(Image-caption web data)
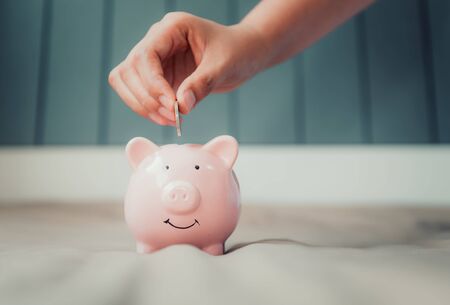 Woman Hand is Putting a Money Coin into Piggy Saving on The Bedroom. Female Hand is Inserting Coin in Piggybank. Business Banking and Financial Concept.の写真素材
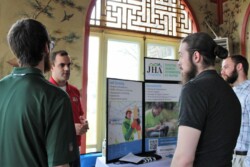 Man stands to right of a tabletop display and speaks to three men facing him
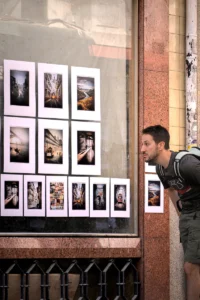 Man closely observing João Cabral photo prints in storefront display in Porto (Mees uurib tähelepanelikult fotoprinte poeakna väljapanekul Portos)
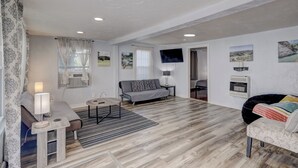 Un salon moderne avec un canapé, une petite table, un téléviseur et une cheminée.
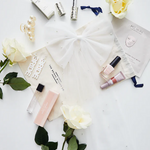 An assortment of bridal beauty products including skincare, makeup, and accessories spread out on a surface, with a mini tulle veil and bridal accessories like earrings and a bow included.
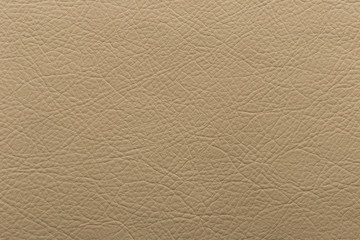 Artificial leatherwith mustard color with a pronounced embossed.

What is required:
Only the lines from the one holding "Un salon moderne" through the end of the records belong in the answer, copied exactly and without pictures.

Task result:
 Un salon moderne avec un canapé, une petite table, un téléviseur et une cheminée.
 An assortment of bridal beauty products including skincare, makeup, and accessories spread out on a surface, with a mini tulle veil and bridal accessories like earrings and a bow included.
 Artificial leatherwith mustard color with a pronounced embossed.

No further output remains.